I took a long hiatus from this blog while we moved, partly because we were so busy with the move itself, and partly because it was all I was focused on at the time, so the blog would’ve been alternatingly me freaking out and me being redundant. Neither of those would’ve been particularly interesting. So I have chosen to cover the entire move in a multi-part retrospective.
We were on such a condensed timeline when Jim first interviewed for this job, because his contract at his prior school was due in just a few short days. So when he came down here to N.C. to interview, the girls and I came with him to look around and see if this seemed like a place we could be happy. The four of us also met with a realtor recommended to Jim by the head of the school at which he was interviewing. By the time we actually met with the realtor, Jim had received an offer of employment, but we hadn’t had the chance to discuss the possibilities, so we didn’t know if we were moving here or not yet. We decided to use the opportunity to look at neighborhoods, rather than focusing on individual houses, so we could get a sense of what was available for the money and how far from the school we’d have to live to get what we wanted in our price range.
When we returned to Virginia and decided we were going to move, our realtor set us up on an interactive online search service in which he had entered our search criteria. The service would automatically send us updates, so we could largely search online.
We approached the search rather casually at first (this was in March), as our house wasn’t even on the market yet and we couldn’t move until Jim’s and the girls’ schools were out for the summer anyway. Our initial search criteria were pretty straight forward: We wanted 4+ bedrooms (we were pretty insistent we wanted a guest room in the new house; we didn’t have one in the old house), 3+ baths, and initially a basement (until we realized this city doesn’t have many houses with basements and we had to drop that from our “must have” list). The other “must have” was a good school district. We were also hoping for some architectural detail.
The next step was to ask each family member to name his or her very top “wish list” item. We explained to the girls that we weren’t likely to be able to find everything everyone wanted in a house in one place, so we’d focus on the top thing each of us wanted. Even that may not be possible, but that’s where we’d start.
Jim’s top item was proximity to school. He had been commuting an hour each way for eleven years, so he insisted he did not want to be further than 10 minutes from school. Mine was an updated kitchen. We renovated our Virginia kitchen 5 years ago and while we loved the result and had a kitchen that was pretty much customized to our needs/wants/style, the process was difficult and I didn’t want to go through it again. Emerald wanted what all tween girls wish for: her own bathroom. She would settle for a Jack and Jill, if necessary. Sapphire’s biggest requirement was a backyard big enough to put a play set in. We were moving from a place in the country, with three acres, to a city. This one was more of a challenge than it sounds.
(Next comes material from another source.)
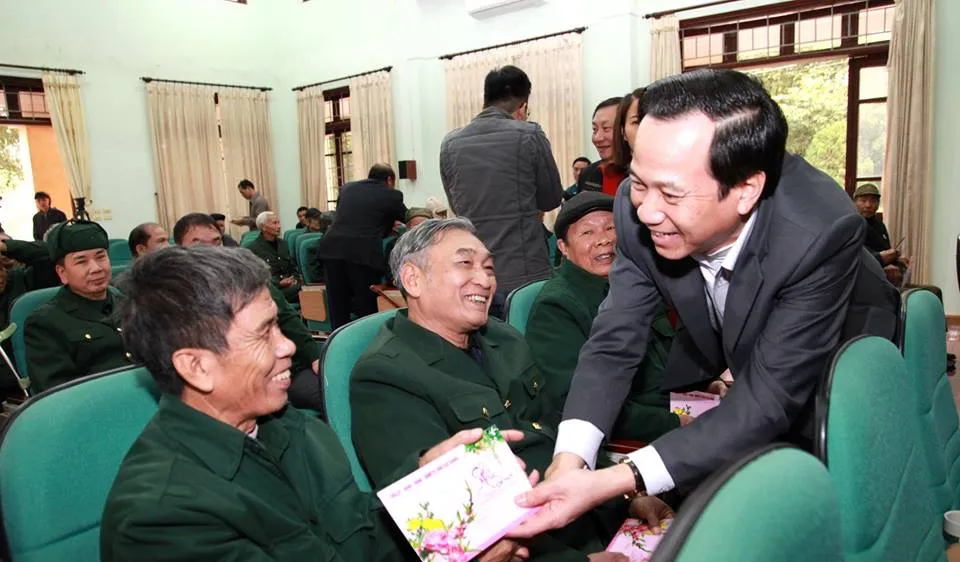Hơn 3 triệu lao động được hỗ trợ tết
With these four items in mind, I scoured through the online listings. I made notes on some of them, which our realtor could see and respond to. He noted if the house was in a poor school district or a good one, if the house was on a busy road, etc. — all the things we couldn’t possibly know being unfamiliar with the area and looking online.
When I found a house that looked promising, I would MapQuest it to see how close it was to Jim’s school, before I looked at the listing in too much detail. There was no point wasting time on a house he wouldn’t even consider.
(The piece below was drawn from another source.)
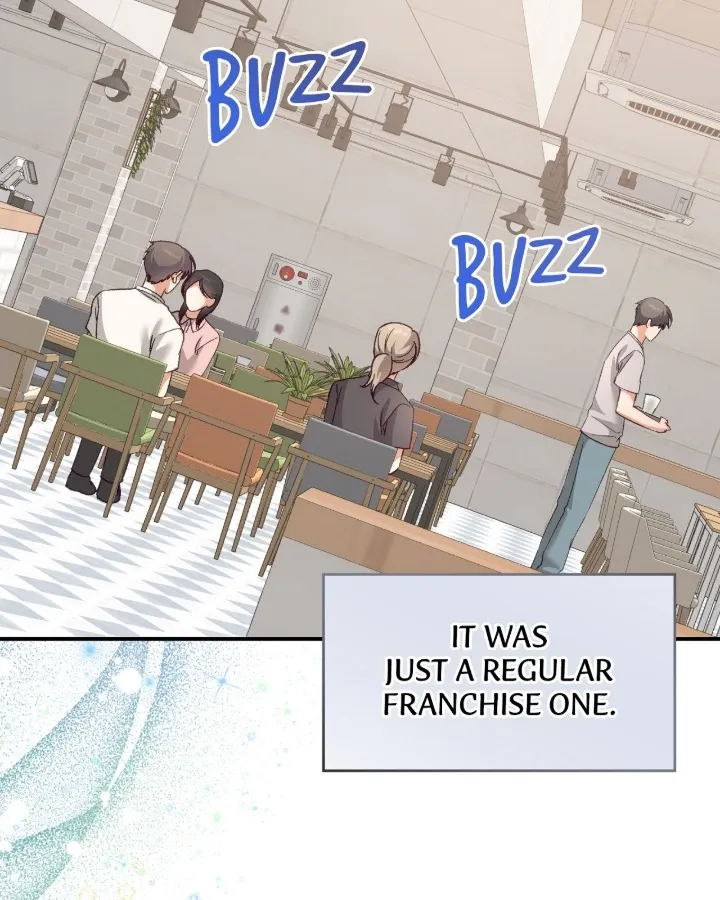 Read Dandelion observation journal chapter 21 image 1 on Lezhin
After wading through seventy or eighty listings, I began to get really worried. This was late March, early April, so we still had time. We weren’t ready to buy a house yet, but there was nothing that came close to meeting our criteria within 10 minutes of Jim’s school. There were amazing houses in our price range 20 minutes from school in very good school districts (I did eventually start peeking at those to see what was available). There were a few great houses in bad school districts (a definite no-go). There were smaller, but very cute, houses close in. There were also many, many houses with tiny yards. And still others with a pool in the back that took up the entire yard. Unless something else popped up in the next couple of months, it looked like we were either going to have to move further out or adjust our expectations.
At one point, I mentioned to Jim that while I completely understood his want to be close to school, it was looking like something was going to have to give, either in distance from school or in the house itself. I’d give it a while longer, but we may have to have a discussion on where we can compromise, so he should be thinking about that. That wasn’t what he wanted to hear, but he said he would think about it. At leat he wouldn’t be blind-sided when the time came.
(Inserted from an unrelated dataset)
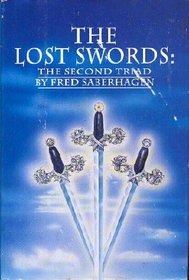 The Lost Swords: The Second Triad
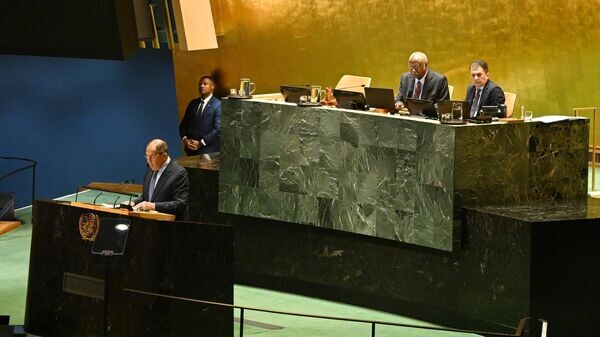    © Sputnik / Сергей Гунеев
Then in early April, I noticed a house that I hadn’t seen before. It wasn’t a new listing (it had been on the market for 3 months by then), but I don’t know whether it hadn’t been on our search before or if I’d just missed it. I did my usual MapQuest search of the address and found it was 12 minutes from Jim’s school. Twelve, not 10 or less, but close. I figured I might be able to talk Jim into 2 minutes more, so I cautiously looked at the pictures and the listing info. This house had 5 bedrooms, 4 1/2 baths (one of them being a Jack and Jill between two of the bedrooms and the other bedrooms each having its own bath), a recently renovated kitchen with granite countertops and stainless steel appliances, and a fairly private 1/2 acre lot. We were cooking with gas.
I told Jim that I had found an interesting prospect and asked if he would give me two more minutes on his commute time. He said he thought he could do that. After showing him the listing, and getting a positive reaction, I wrote a note on the listing to our realtor asking about the schools and mentioning that this house had all of our top wish list items. He replied very quickly that the schools were very good and that he expected the price on this house to drop rapidly because the owners had a contract on a very expensive house, closing in a few weeks, so they would want sell this one soon.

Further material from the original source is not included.